Under the Tobacco Board Act, 1975, the Centre controls the cultivation of FCV tobacco in seven districts of Andhra Pradesh, Telangana and Karnataka, and helps farmers sell their produce through auction for better price realisation.

Chidipothu said: “Our FCV auction model is a global benchmark in transparency. The time has come to design a non-FCV regulation model that ensures fair prices, planned production, and farmer dignity.”

Pointing out the recent overproduction of non-FCV varieties such as HDBRG, Rustica and Lal Chopadia, which led to a loss of around ₹500 crore in 2025, he said a mechanism to monitor supply and demand could have helped avoid such over-production and associated losses. The Andhra Pradesh government was forced to procure the produce at a fixed rate after farmers protested the falling prices, he added.

Vested interests

During the seminar, farmers raised concerns about foreign companies promoting tobacco cultivation for nicotine extraction, citing global demand and high prices. This, they said, has led to unsustainable overproduction.

Murali Babu, General Secretary of FAIFA, said: “Vested interests, particularly multinational corporations, are exploiting tobacco farmers by offering attractive prices initially, only to trap them into long-term dependence. Once farmers become reliant, they’re often left vulnerable to unfair practices and price manipulation. This is hurting our livelihoods and creating instability in the sector.”

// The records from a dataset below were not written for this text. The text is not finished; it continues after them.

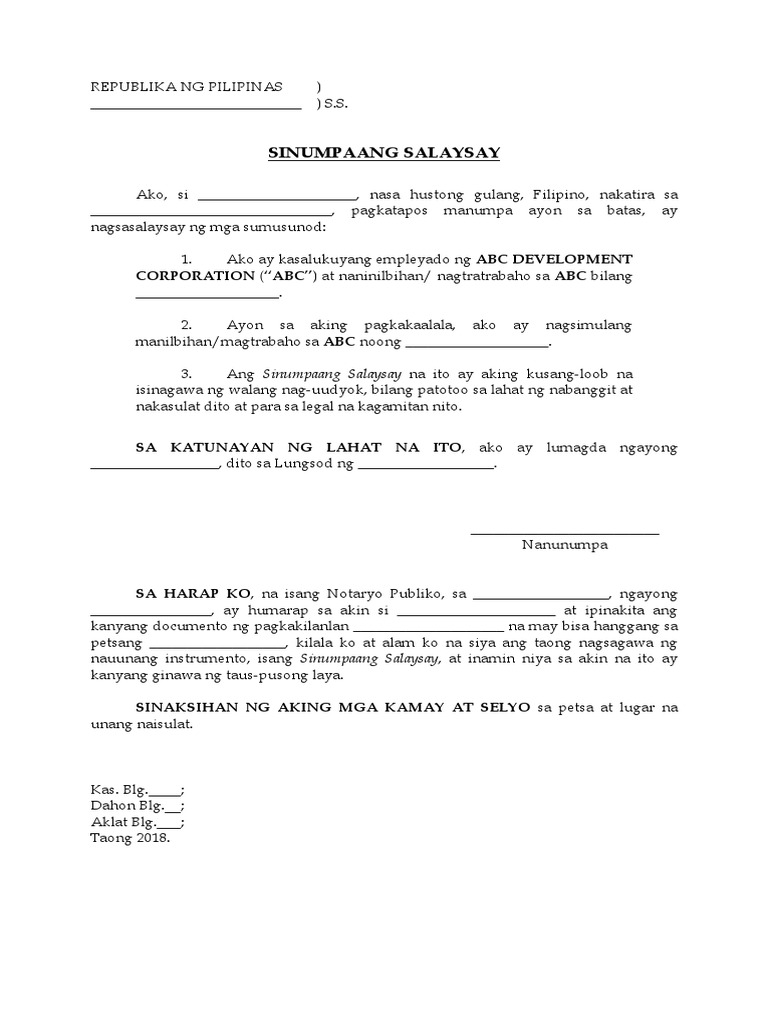 Sinumpaang salaysay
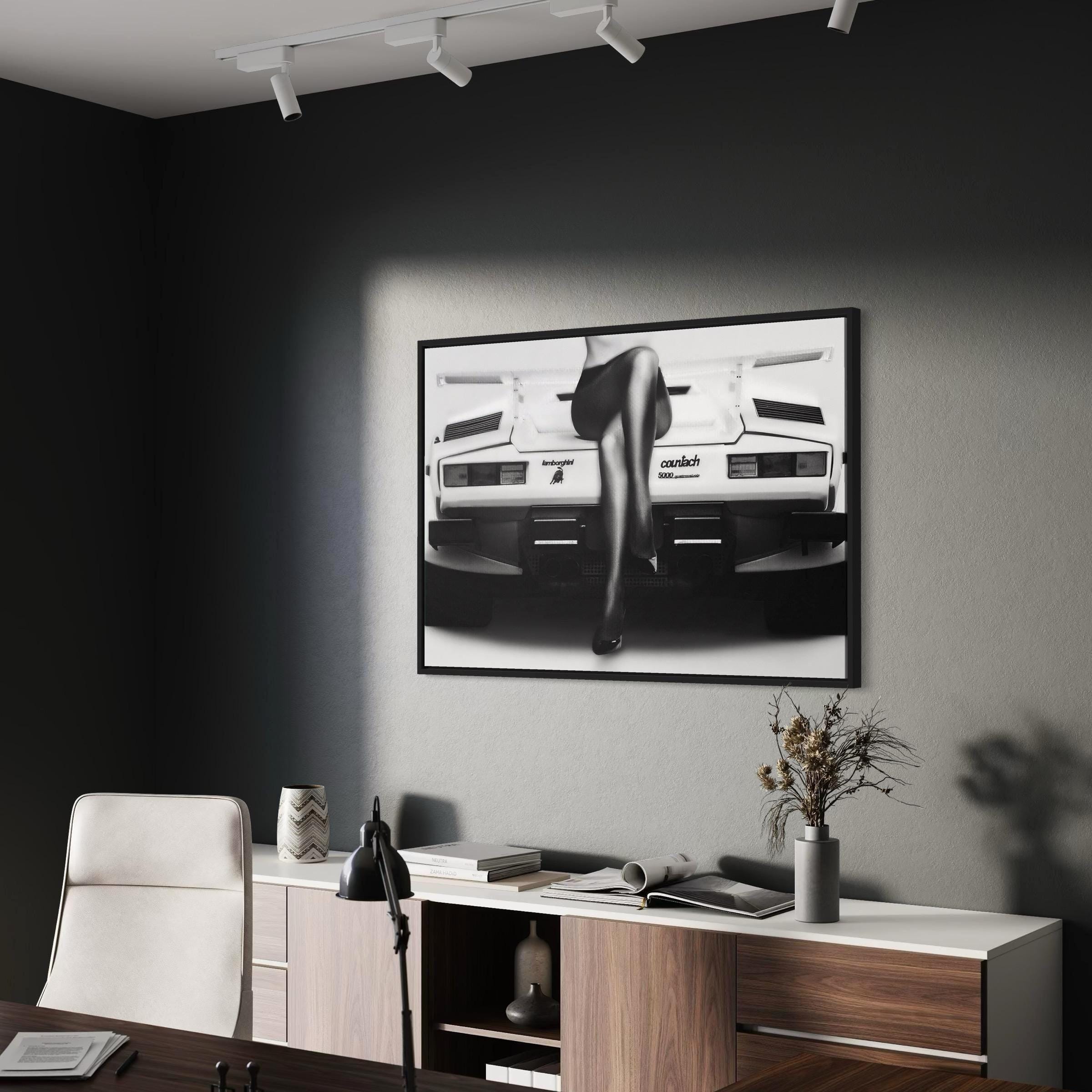 Lamborghini Girl Canvas Wall Art Framed Poster Print | Black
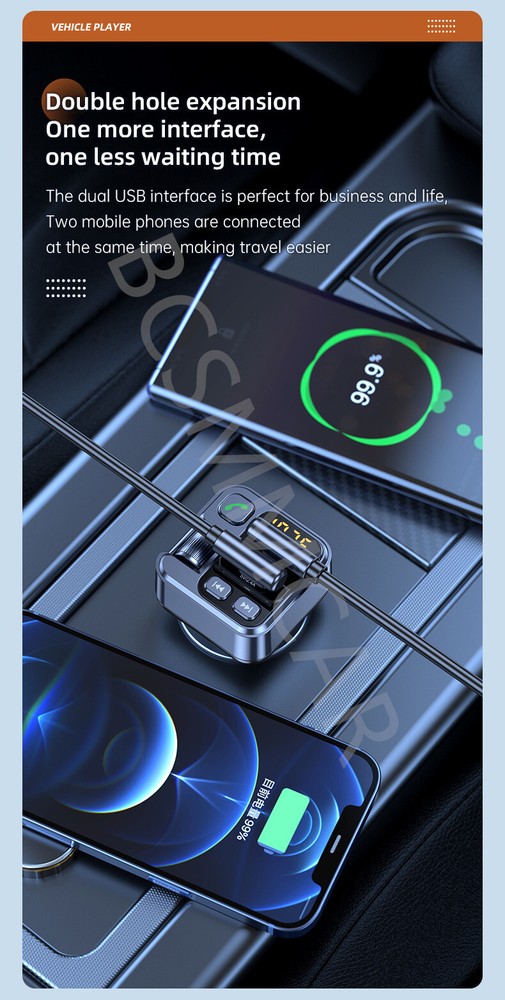 Bluetooth 5.1 Car Wireless FM Transmitter Adapter PD USB Charger AUX Hands-Free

He added: “We urgently need a unified strategy across states and among farmer leaders. We must reinforce the importance of aligning production with actual demand and take concrete steps to curb overproduction to ensure sustainable income.”

Non-FCV tobacco is largely sold directly to manufacturers without regulatory oversight. India’s non-FCV production, spread across 43 districts of 14 States, is estimated to be 784 mkg in 2025, while FCV production is at about 325 mkg. The FCV variety is used for cigarette making, while non-FCV is primarily used in products like bidis, chewing tobacco and gutka.